Problem to solve: Every line of the following records that includes "Floral" should be copied.
═════ Available data
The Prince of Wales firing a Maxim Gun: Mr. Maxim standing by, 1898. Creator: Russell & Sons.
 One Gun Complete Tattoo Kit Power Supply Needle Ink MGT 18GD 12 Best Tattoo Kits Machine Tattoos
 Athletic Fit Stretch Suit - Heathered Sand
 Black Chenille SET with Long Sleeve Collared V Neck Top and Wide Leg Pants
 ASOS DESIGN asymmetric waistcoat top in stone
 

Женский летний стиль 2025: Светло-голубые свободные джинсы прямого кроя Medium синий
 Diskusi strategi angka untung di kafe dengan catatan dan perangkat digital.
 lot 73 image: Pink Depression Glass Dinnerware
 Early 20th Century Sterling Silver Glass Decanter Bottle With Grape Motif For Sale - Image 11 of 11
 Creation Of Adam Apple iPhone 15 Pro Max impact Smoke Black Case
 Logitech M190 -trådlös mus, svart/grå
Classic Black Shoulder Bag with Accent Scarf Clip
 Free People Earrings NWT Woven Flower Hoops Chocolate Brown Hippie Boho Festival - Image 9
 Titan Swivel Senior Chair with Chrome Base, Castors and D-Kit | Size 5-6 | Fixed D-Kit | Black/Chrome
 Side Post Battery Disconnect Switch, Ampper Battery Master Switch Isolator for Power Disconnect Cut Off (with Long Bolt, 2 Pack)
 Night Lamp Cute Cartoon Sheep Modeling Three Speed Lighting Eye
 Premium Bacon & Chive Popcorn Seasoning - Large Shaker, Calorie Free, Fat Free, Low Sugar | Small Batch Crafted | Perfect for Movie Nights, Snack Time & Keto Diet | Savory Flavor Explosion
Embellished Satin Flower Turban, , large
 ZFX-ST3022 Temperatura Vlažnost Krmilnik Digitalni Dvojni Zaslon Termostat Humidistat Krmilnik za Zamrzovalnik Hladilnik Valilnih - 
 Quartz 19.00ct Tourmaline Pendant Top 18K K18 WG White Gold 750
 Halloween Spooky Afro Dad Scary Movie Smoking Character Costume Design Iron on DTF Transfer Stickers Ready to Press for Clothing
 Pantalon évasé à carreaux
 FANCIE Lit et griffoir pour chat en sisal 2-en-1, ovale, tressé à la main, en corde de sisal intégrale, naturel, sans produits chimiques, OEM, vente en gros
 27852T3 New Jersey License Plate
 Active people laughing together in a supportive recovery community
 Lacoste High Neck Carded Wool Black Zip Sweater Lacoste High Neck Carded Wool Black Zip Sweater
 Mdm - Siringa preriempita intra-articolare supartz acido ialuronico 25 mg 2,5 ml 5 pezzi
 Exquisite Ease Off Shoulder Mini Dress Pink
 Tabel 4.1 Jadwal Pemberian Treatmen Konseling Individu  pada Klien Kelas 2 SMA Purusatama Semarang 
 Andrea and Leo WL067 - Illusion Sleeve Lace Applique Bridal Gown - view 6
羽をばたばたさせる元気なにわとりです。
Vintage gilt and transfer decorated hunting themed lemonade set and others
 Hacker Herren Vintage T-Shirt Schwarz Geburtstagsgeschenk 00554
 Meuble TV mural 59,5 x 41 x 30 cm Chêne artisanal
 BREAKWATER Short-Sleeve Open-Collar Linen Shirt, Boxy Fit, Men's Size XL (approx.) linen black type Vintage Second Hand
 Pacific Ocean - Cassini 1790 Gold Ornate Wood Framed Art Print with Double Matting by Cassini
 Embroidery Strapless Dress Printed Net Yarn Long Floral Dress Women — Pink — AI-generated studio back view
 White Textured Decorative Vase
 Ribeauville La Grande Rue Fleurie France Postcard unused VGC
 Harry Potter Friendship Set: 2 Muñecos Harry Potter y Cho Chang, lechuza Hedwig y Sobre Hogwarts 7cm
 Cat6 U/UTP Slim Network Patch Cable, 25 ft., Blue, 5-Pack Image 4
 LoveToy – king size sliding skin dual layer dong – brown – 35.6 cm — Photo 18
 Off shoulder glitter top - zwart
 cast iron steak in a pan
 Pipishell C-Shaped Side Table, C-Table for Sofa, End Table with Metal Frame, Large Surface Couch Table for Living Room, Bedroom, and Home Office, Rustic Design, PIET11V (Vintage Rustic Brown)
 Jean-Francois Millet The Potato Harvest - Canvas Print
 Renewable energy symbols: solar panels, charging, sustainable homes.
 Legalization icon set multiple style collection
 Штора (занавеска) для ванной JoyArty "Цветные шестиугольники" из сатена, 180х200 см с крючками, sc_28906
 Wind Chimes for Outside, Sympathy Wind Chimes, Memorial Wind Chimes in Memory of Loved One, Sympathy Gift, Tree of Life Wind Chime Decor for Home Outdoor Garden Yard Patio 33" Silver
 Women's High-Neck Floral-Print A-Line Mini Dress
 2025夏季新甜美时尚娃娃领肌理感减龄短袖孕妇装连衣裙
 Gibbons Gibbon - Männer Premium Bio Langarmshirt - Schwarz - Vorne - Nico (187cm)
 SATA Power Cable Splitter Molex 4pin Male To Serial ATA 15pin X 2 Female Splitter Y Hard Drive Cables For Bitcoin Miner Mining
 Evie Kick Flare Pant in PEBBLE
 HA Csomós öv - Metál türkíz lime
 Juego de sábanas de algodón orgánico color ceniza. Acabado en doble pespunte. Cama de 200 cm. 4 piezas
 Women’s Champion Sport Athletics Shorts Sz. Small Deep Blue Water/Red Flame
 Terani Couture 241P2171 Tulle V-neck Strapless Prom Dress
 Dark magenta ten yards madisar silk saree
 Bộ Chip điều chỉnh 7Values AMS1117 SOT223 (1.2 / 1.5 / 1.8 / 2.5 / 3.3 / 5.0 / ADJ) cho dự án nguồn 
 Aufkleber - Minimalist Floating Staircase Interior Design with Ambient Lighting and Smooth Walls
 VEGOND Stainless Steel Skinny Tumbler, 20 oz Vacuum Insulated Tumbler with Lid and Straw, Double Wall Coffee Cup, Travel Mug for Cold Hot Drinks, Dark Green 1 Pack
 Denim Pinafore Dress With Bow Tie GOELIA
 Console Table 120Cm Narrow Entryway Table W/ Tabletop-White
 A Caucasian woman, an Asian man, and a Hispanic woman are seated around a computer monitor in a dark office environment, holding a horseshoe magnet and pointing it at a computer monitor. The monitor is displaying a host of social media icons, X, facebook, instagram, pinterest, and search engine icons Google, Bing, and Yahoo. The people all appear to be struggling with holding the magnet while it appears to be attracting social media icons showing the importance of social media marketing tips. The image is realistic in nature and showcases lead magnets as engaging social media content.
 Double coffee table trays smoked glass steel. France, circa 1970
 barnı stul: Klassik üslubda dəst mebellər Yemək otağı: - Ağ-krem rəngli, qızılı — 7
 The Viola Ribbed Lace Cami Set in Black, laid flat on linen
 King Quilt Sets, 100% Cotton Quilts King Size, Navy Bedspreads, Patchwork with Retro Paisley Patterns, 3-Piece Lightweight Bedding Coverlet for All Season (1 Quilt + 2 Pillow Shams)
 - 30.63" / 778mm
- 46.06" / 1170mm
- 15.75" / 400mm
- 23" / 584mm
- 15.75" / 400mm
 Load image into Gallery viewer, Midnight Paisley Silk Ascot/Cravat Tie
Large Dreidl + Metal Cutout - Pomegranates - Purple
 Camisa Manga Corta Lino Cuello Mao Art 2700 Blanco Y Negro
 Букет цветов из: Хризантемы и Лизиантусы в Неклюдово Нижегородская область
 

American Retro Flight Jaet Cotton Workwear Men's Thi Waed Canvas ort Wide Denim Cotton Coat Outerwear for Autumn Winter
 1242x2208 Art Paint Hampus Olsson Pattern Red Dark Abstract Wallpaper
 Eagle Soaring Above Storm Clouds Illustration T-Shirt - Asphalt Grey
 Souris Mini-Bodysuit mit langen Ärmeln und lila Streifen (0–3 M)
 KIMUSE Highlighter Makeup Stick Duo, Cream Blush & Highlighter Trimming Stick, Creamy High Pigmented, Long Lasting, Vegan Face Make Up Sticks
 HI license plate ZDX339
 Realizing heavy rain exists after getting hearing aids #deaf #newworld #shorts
══════════
Exercise result:
 Embroidery Strapless Dress Printed Net Yarn Long Floral Dress Women — Pink — AI-generated studio back view
 Women's High-Neck Floral-Print A-Line Mini Dress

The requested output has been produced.